Here is the game that Wii owners have been pining for, a game that has tons of appeal for both the less experienced player and the longtime gamer. A game that deftly combines accessibility and challenge, all wrapped up in a package that's both deep and addictive. Super Mario Galaxy is all of this and more. It is simultaneously one of Mario's best adventures and a game that doesn't require fandom of the portly plumber's previous engagements to appreciate. The sheer quality of Mario Galaxy's wonderful level designs, tight controls, and brilliant presentation is the sort of thing that just about anyone who loves gaming should be able to appreciate, and that many will fall head-over-heels for.
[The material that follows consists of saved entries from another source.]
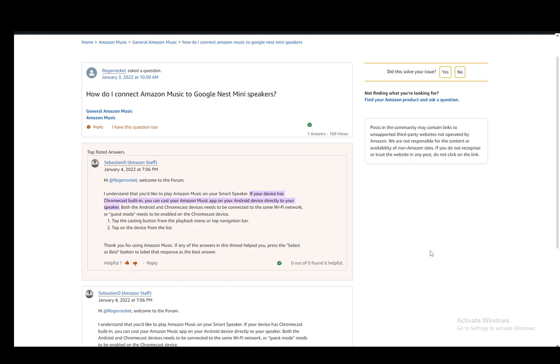I'll be going over this top-rated answer by the Amazon staff member which you can see here, and they explain everything very quickly and easily.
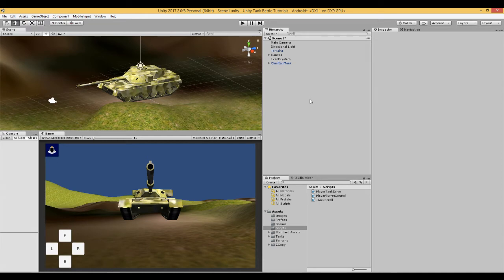This is video number 6 in a series of videos where we are making a tank battle game in Unity for Android mobile devices.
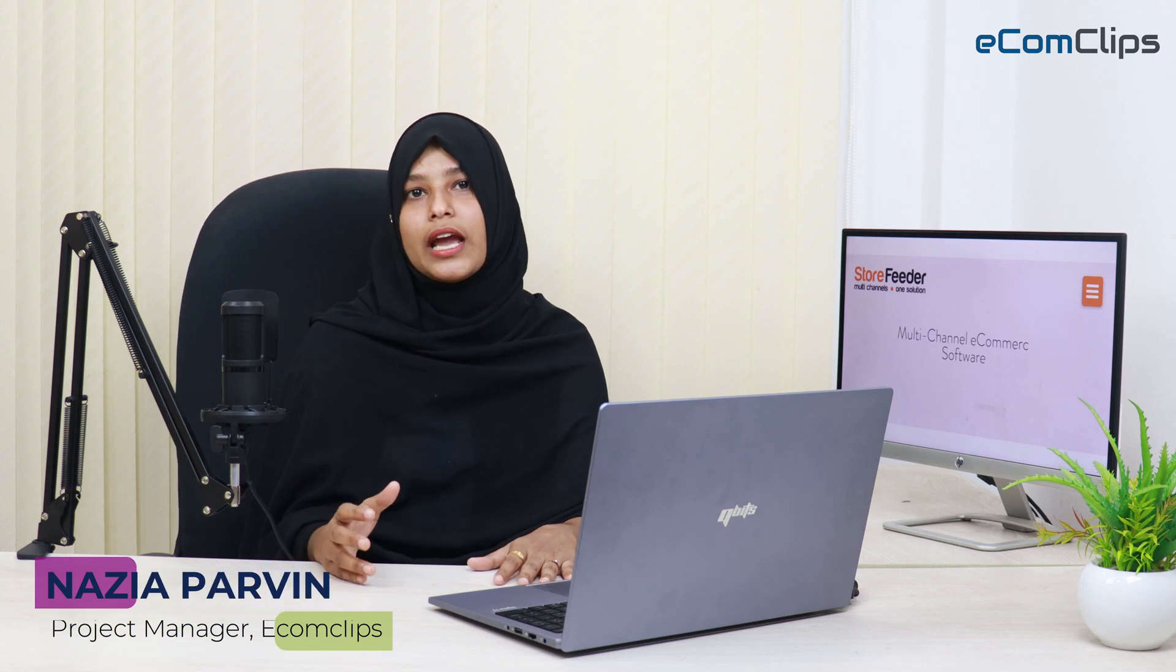Hello, I am Najeev from eComClips. Let's see how we can export and import products from Store Feeder easily and effectively.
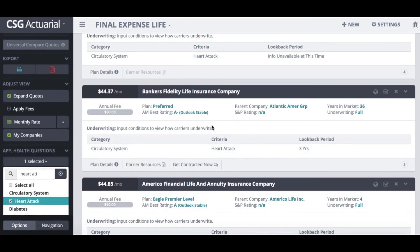If you have any questions on how to use our final expense quoting tool, or if you would like to sign up for a subscription, please send us an email at info@csgactuarial.com or give us a call directly at 855-861-8776.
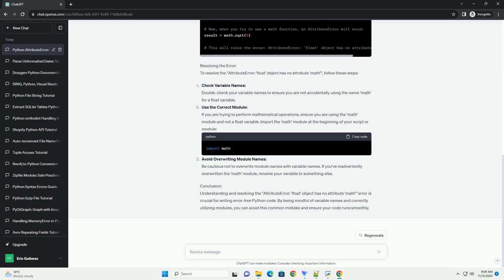Variable Overwriting: It's possible that you have overwritten the math module with a float variable in your code, causing the attribute error when you try to access the math attribute.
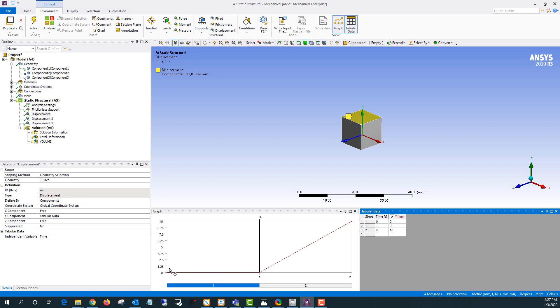That way no load applied in the first load step, load applied in the second load step. And then I could look at the difference between the total volume on load step one and two to calculate my difference. I hope you found this video helpful and thank you for tuning in.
The premise for Mario Galaxy begins in fairly well-worn territory. Mario receives a note from his beloved Peach to come to the castle, for she has a special "gift" for him. He arrives, only to walk straight into chaos as Bowser and son arrive in a fleet of airships and use a giant UFO to pluck the Princess' castle right out of the ground. Mario gives chase, but is unable to rescue her before the fearsome twosome jet off into space. This all certainly sounds par for the course, but it's where Mario ends up that gives Mario Galaxy its own flavor. Mario eventually hooks up with a creature called a luma, from a race that looks like some kind of cross between an invincibility star and a headless chicken. The lumas are led by an enigmatic woman named Rosalina, who lives with them on a crazy spaceship called the comet observatory. Mario learns that Bowser has made off with a gaggle of power stars used to power the observatory. To reach Bowser's hideout, Mario has to travel to all the various galaxies in the universe to collect as many power stars as he can in order to power the ship back up, fly to the center of the universe, rescue the princess, and set everything right again.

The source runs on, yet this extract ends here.